INPUT Start Marker
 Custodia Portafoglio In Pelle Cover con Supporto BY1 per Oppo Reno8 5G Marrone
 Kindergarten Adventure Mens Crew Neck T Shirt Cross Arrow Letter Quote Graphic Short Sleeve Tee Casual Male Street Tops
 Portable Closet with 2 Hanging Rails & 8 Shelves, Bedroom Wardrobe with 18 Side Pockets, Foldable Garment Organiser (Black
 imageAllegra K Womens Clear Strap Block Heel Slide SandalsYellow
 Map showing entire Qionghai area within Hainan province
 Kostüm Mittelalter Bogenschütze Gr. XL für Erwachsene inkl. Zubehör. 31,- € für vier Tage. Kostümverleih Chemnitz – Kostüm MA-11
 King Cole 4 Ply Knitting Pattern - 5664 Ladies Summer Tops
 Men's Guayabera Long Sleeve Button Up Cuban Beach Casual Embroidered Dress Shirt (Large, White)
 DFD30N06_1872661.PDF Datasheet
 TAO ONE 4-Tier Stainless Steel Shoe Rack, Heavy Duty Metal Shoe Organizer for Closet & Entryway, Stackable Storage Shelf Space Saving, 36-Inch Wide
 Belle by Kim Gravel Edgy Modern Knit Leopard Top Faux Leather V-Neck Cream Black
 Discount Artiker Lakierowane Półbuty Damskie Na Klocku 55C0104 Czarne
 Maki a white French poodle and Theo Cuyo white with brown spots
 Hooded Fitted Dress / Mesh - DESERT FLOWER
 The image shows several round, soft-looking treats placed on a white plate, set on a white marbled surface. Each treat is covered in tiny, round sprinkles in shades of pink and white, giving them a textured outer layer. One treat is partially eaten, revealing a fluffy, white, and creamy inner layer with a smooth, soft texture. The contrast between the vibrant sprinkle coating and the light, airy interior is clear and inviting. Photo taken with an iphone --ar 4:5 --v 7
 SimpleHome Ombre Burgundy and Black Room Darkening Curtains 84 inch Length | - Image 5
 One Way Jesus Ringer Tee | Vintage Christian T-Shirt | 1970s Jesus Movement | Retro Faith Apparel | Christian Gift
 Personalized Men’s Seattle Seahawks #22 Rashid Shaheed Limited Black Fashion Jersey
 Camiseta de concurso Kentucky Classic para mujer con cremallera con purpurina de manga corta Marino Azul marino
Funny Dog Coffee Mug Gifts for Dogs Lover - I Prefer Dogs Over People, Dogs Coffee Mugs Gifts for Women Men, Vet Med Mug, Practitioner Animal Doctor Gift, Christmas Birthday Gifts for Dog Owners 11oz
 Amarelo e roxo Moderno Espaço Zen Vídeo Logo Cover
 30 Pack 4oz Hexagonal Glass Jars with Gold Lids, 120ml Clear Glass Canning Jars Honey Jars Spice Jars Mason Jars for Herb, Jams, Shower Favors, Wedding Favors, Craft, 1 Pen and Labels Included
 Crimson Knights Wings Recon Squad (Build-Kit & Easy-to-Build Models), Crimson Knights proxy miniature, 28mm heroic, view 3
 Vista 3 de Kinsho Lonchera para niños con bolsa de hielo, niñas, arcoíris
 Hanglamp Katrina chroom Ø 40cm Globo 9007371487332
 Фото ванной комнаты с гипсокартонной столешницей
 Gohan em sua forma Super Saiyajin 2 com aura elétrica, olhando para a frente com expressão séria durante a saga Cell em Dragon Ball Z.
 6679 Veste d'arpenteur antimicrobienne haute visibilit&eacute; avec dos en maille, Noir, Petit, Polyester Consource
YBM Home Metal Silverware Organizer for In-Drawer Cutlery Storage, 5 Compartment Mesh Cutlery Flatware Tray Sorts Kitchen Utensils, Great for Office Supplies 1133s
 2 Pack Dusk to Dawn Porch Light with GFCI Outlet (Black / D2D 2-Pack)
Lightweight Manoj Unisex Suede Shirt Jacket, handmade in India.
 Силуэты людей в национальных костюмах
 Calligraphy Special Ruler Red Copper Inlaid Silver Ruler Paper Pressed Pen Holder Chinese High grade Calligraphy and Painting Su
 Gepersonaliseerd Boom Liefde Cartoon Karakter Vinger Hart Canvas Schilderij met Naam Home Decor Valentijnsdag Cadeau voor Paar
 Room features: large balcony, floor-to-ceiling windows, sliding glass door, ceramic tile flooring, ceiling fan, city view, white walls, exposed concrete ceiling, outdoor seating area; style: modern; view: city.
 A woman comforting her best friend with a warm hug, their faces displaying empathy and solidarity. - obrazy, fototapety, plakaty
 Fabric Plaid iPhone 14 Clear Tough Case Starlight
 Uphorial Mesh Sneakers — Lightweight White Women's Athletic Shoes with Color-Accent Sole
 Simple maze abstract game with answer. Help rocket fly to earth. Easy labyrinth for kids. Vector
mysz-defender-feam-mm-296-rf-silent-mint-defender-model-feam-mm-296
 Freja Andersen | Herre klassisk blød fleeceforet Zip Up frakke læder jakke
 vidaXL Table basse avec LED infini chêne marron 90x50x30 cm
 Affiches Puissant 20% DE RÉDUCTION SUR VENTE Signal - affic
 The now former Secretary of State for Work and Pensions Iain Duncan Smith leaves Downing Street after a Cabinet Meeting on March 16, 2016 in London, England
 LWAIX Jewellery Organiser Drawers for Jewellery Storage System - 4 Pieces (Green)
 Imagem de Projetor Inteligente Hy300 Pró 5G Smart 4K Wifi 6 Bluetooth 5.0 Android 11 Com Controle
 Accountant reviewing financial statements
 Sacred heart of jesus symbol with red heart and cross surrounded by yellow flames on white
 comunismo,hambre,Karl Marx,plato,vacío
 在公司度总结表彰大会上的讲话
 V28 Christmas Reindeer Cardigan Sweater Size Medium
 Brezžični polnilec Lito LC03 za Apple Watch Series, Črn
INPUT End Marker
**ACTIVITY:** Begin at the line that has "Freja Andersen |" in the entries above; stop after the line that has "The now former". Transcribe exactly those lines and no others.

**ANSWER BOX:**
 Freja Andersen | Herre klassisk blød fleeceforet Zip Up frakke læder jakke
 vidaXL Table basse avec LED infini chêne marron 90x50x30 cm
 Affiches Puissant 20% DE RÉDUCTION SUR VENTE Signal - affic
 The now former Secretary of State for Work and Pensions Iain Duncan Smith leaves Downing Street after a Cabinet Meeting on March 16, 2016 in London, England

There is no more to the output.